Леонард припомнил, что что-то такое читал в газетах, только дело было не в Закрочиме а в Варшаве, вместо мужа была жена, и еще был там вовсе не трамвай, а вовсе и поезд. На это бабка промолчала и, поднявшись с табурета, принялась ходить из угла в угол. Пауза затянулась. Пани Смиловиц, нервно теребившая платочек уже почти решилась пригласить флейтиста на чай, как Вахорова, ломая ее планы, веско воскликнула:

— Ну и враки у тебя, это самое.

— Не враки пани Вахорова, а официальная информация, — поправил отставной флейтист и растоптал окурок, — все как есть, вам рассказываю.

— Вот как есть враки, — упорствовала бабка, от тулупа ее густо шли ароматы кошек, — мне то младшенький рассказывал Томашек. Он с тем паном в участке сидел, это самое. Он когда под трамвай не бросился, так пошел и напился у Михульского. А потом задрался, да и по несчастью подрался с жандармским. Ему потом еще три года дали, за нападение.
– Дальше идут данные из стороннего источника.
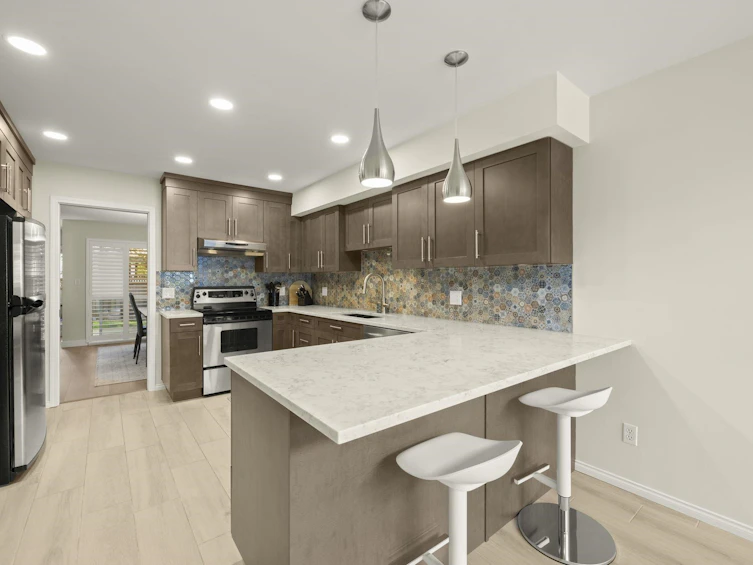27-1925 Indian River Crescent, North Vancouver, BC, V7G 2P8 - 6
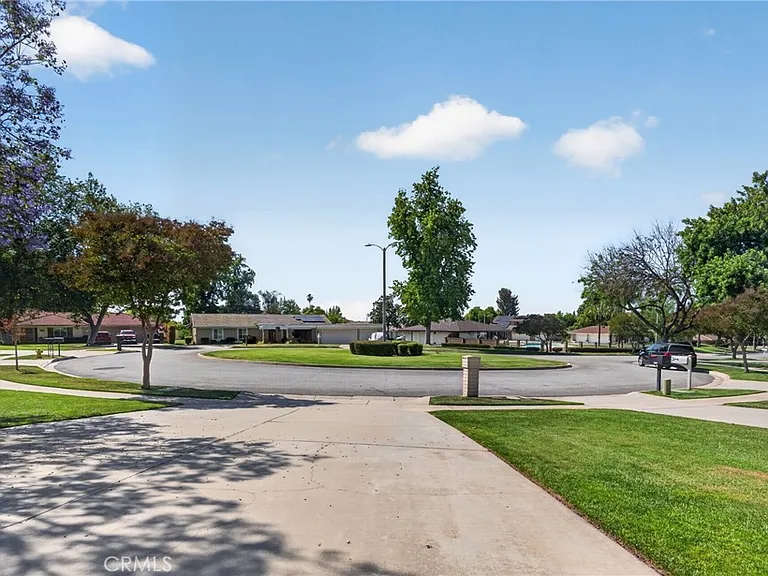 1555 Lynne Ct — Photo 5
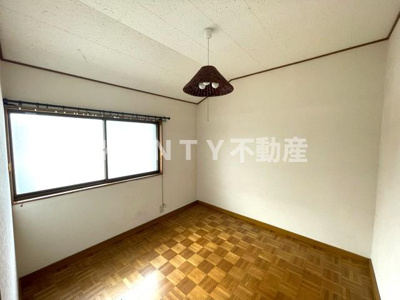 【洋室】 | 山王1丁目戸建て | ゆったりした洋室です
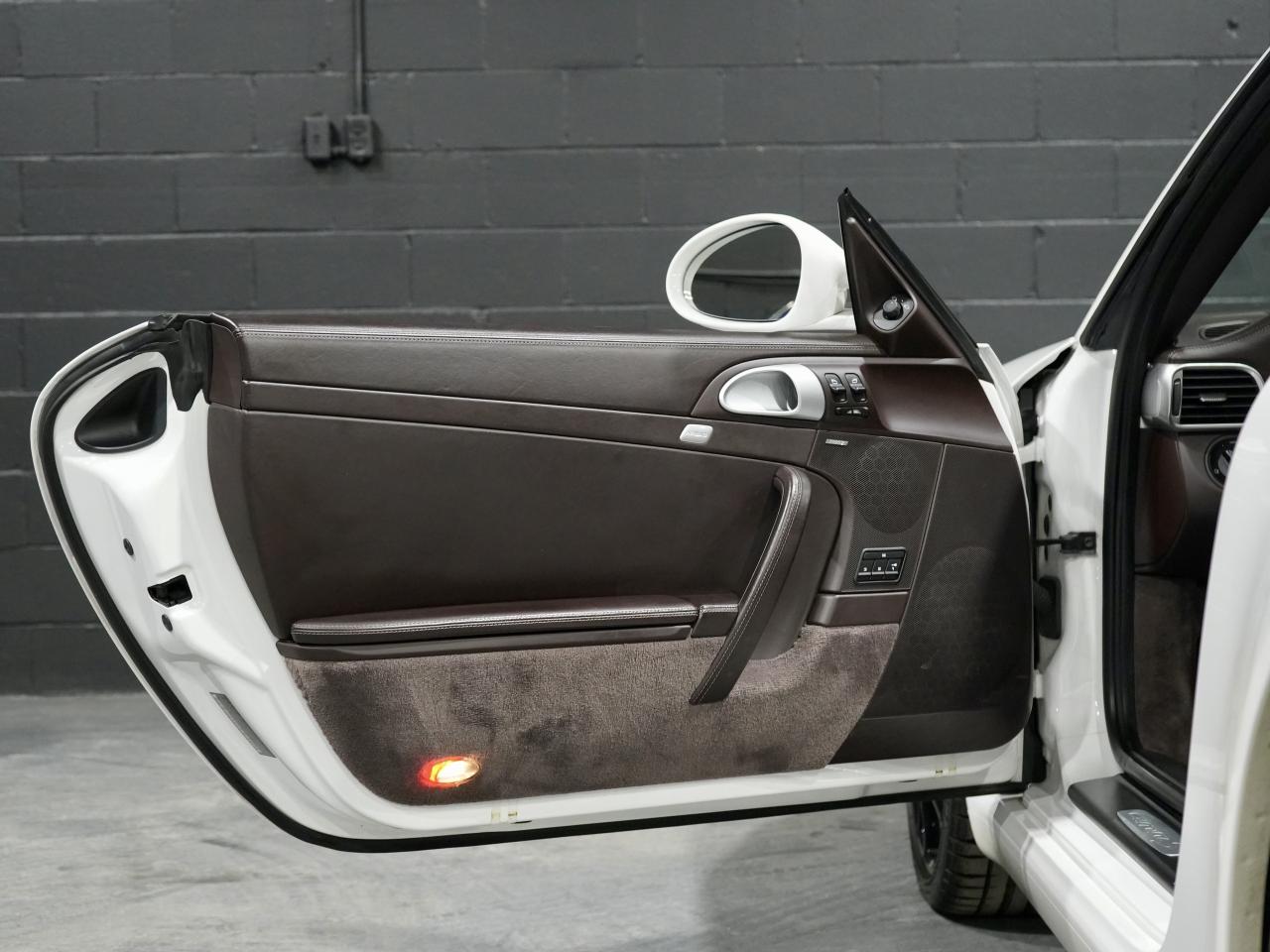 2010 Porsche 911 2dr Cabriolet Carrera S/BOSE/NAV/NO ACCIDENT Photo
— Так значит вышел уже твой пан, лопни мой глаз, — обрадовал ее музыкант, — По революционной амнистии вышел. Сейчас везде так, если сел при старой власти, то при новой обязательно выйдешь. Еще и героем станешь.

Выпуклые глаза отставного пехотинца светились искренней уверенностью в том, что этому неизвестному повезло. Он даже помахал рукой, показывая степень своей радости.

— Враки, — беспомощно повторила Вахорова. Пан Штычка, зная упрямый характер доброй старушки, спорить не стал, тем более что сам предмет был мелким и глупым, а вместо этого объявил рабочий день музея мирового капитала завершенным.

— Все, ясновельможны, музей закрыт для просмотра, потому что время, провалиться мне на этом месте.

Свое заведение музыкант закрывал, как бог на душу положит. Часы работы были неопределенны, потому что само время, казалось, остановилось и бегает по кругу осенним листом в речном омуте. Две недели, прошедшие после визита красных, ничем не отличались от двух ранее: все те же дни, которые сменяли ночи. Снег почти не шел и мягкий морозец, принесенный большевиками, встал в Городе надолго.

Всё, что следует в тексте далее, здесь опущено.